AVAILABLE RECORDS:
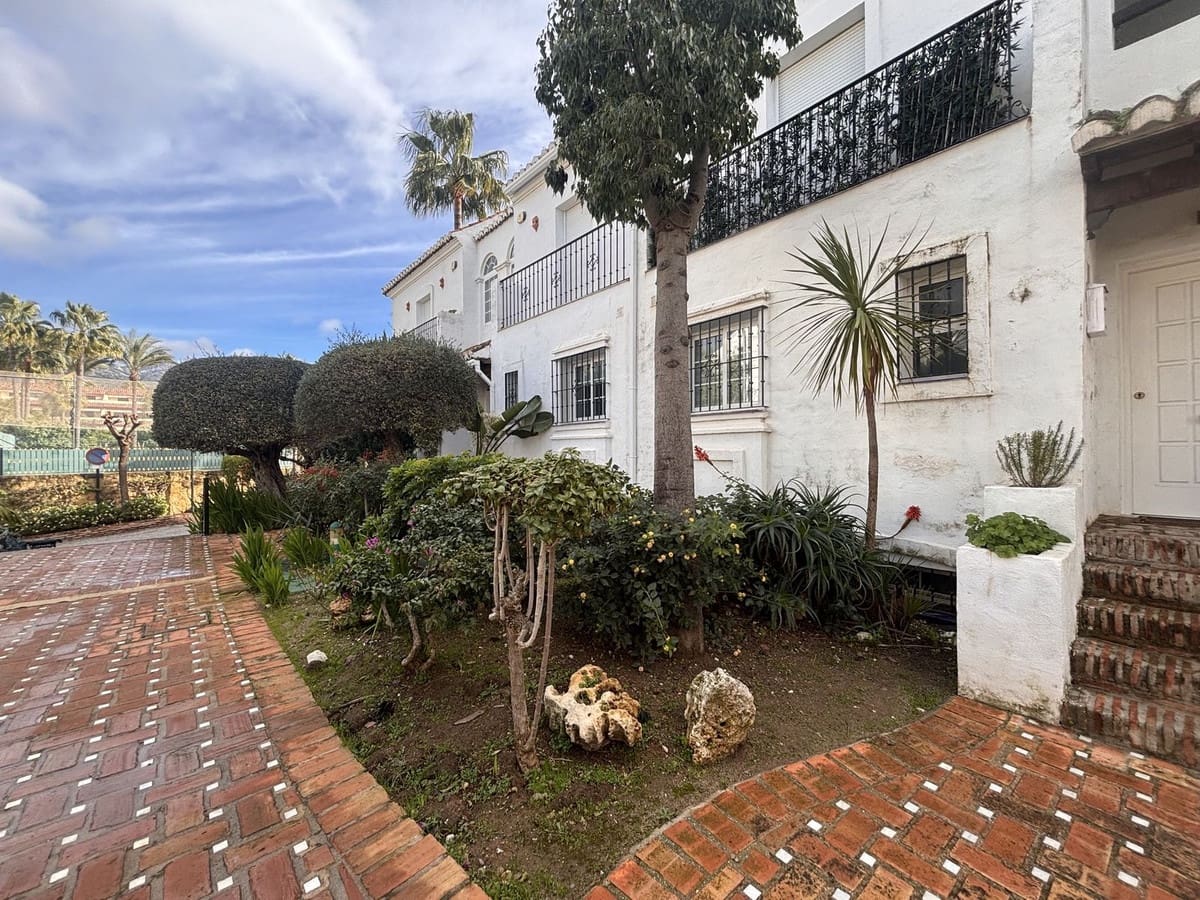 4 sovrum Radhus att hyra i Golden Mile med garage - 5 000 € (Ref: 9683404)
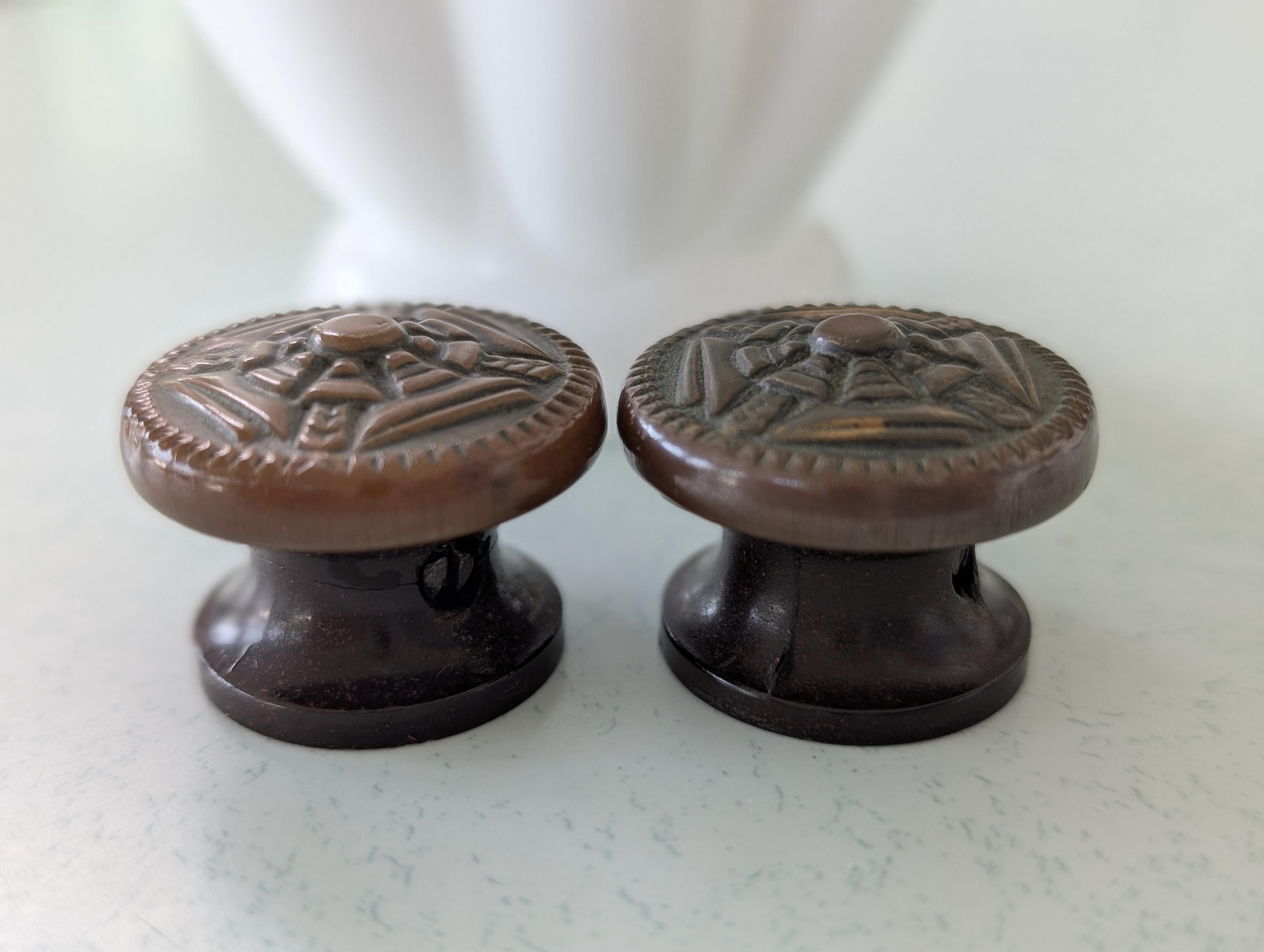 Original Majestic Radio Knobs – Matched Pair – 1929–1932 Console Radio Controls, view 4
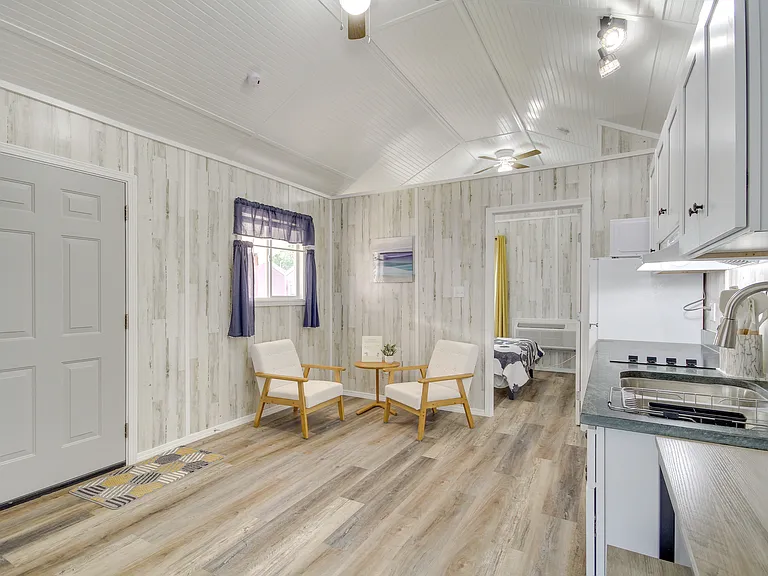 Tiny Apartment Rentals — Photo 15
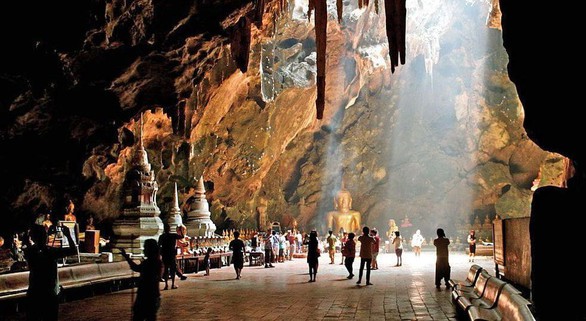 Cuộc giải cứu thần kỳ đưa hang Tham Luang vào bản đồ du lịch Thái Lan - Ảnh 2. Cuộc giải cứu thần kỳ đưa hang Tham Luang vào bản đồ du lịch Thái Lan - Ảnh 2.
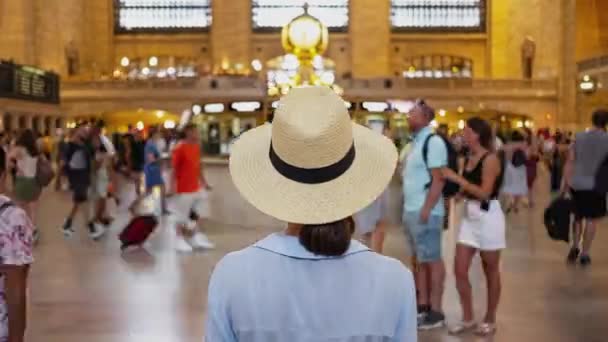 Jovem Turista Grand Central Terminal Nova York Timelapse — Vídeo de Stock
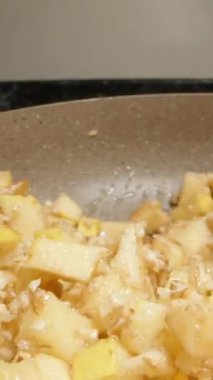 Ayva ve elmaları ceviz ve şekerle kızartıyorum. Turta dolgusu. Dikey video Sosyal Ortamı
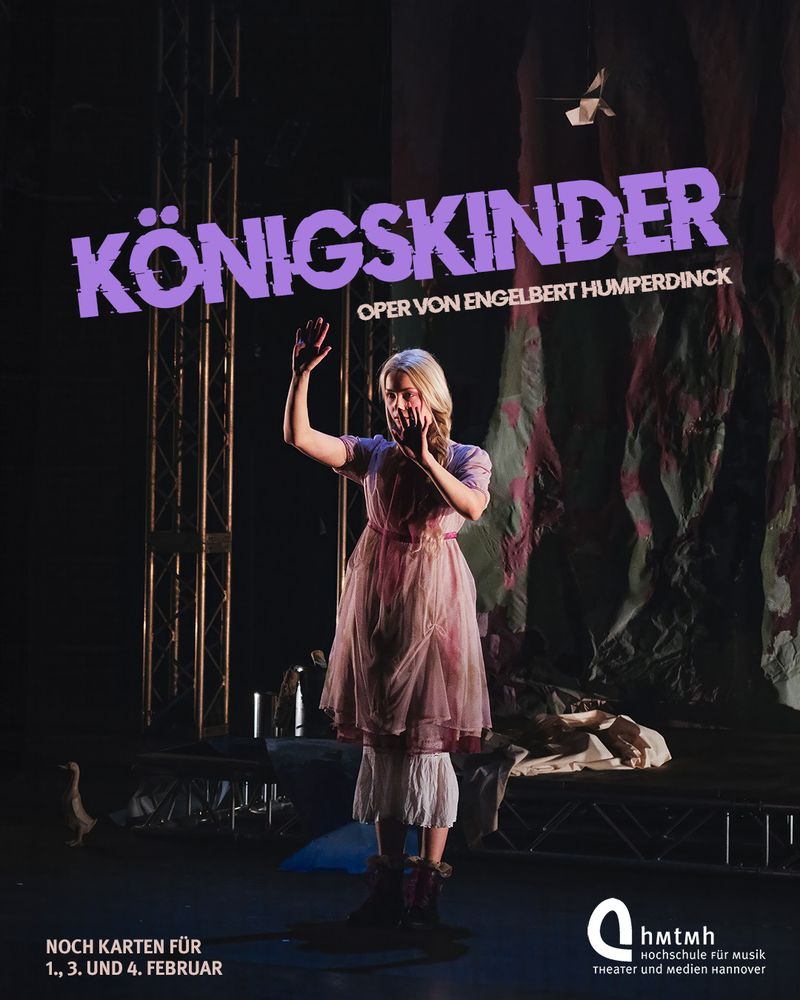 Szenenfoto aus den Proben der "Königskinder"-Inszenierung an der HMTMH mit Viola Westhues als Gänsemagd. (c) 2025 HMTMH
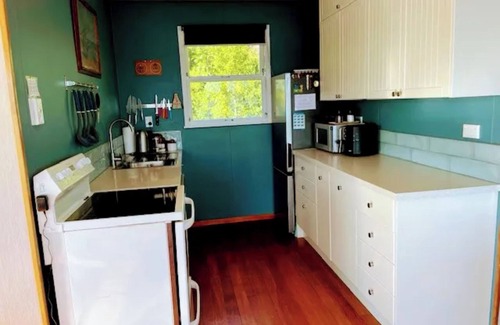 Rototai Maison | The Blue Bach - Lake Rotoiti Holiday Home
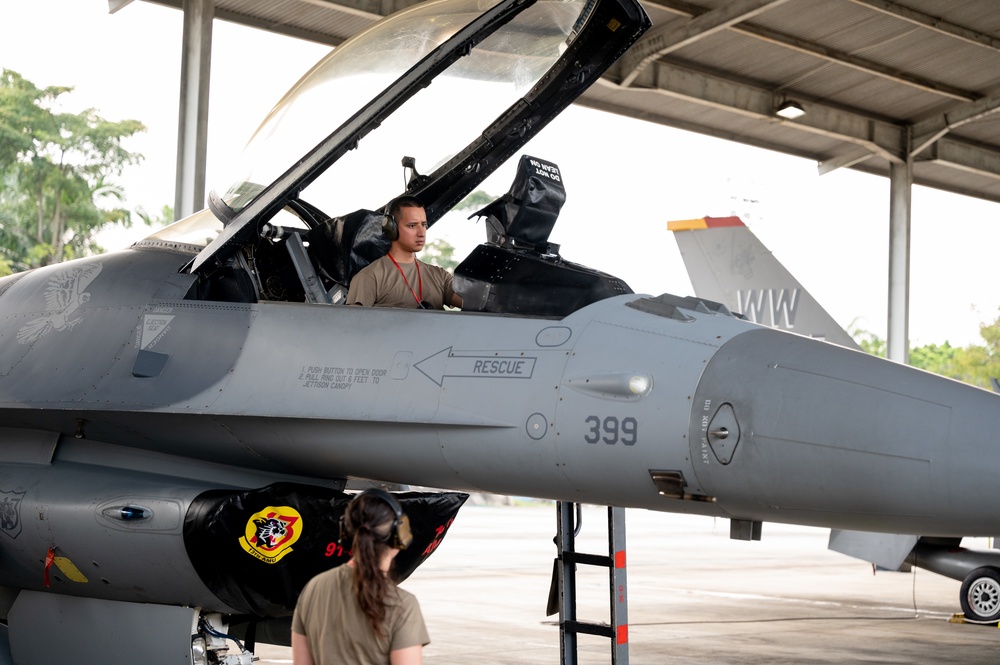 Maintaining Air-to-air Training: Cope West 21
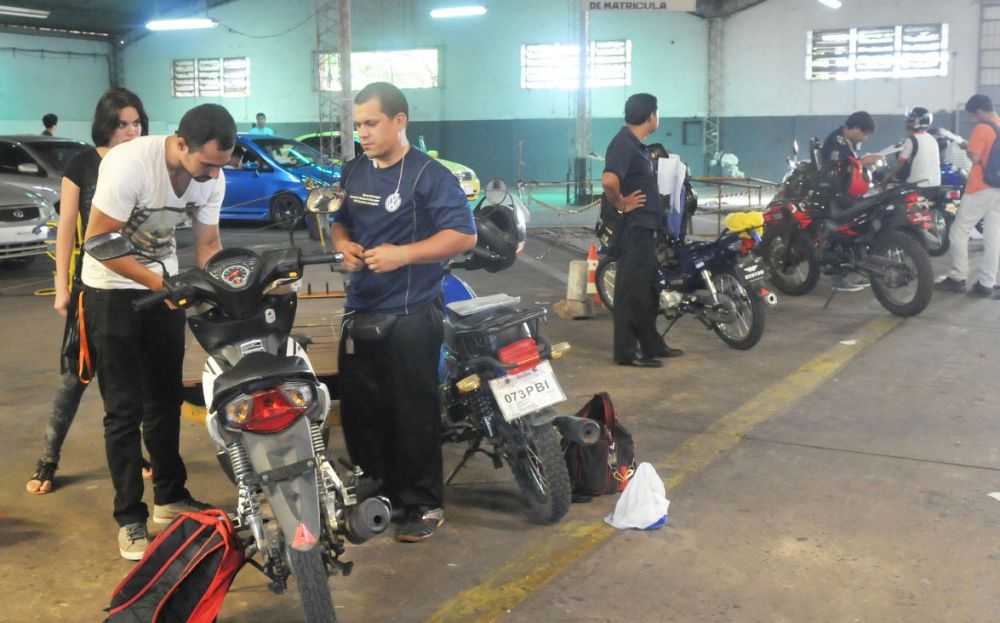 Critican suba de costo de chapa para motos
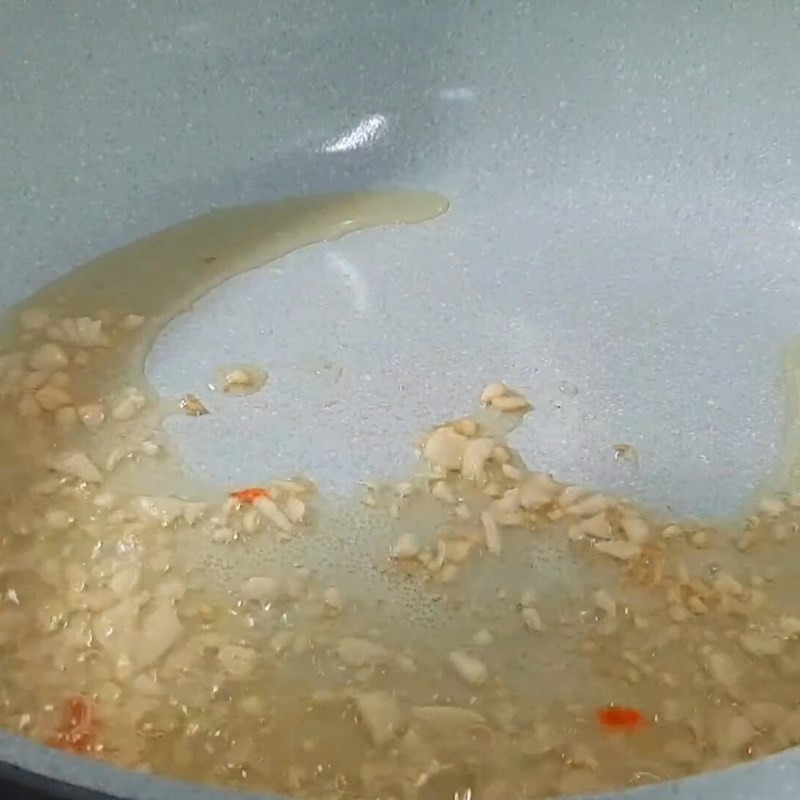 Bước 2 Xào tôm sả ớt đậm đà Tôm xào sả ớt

TASK BRIEF: Leave out the images and write out the lines above exactly, from the one with "Szenenfoto aus den" up to and including the one with "Critican suba de costo de chapa para motos".

RESPONSE TO THIS TASK:
 Szenenfoto aus den Proben der "Königskinder"-Inszenierung an der HMTMH mit Viola Westhues als Gänsemagd. (c) 2025 HMTMH
 Rototai Maison | The Blue Bach - Lake Rotoiti Holiday Home
 Maintaining Air-to-air Training: Cope West 21
 Critican suba de costo de chapa para motos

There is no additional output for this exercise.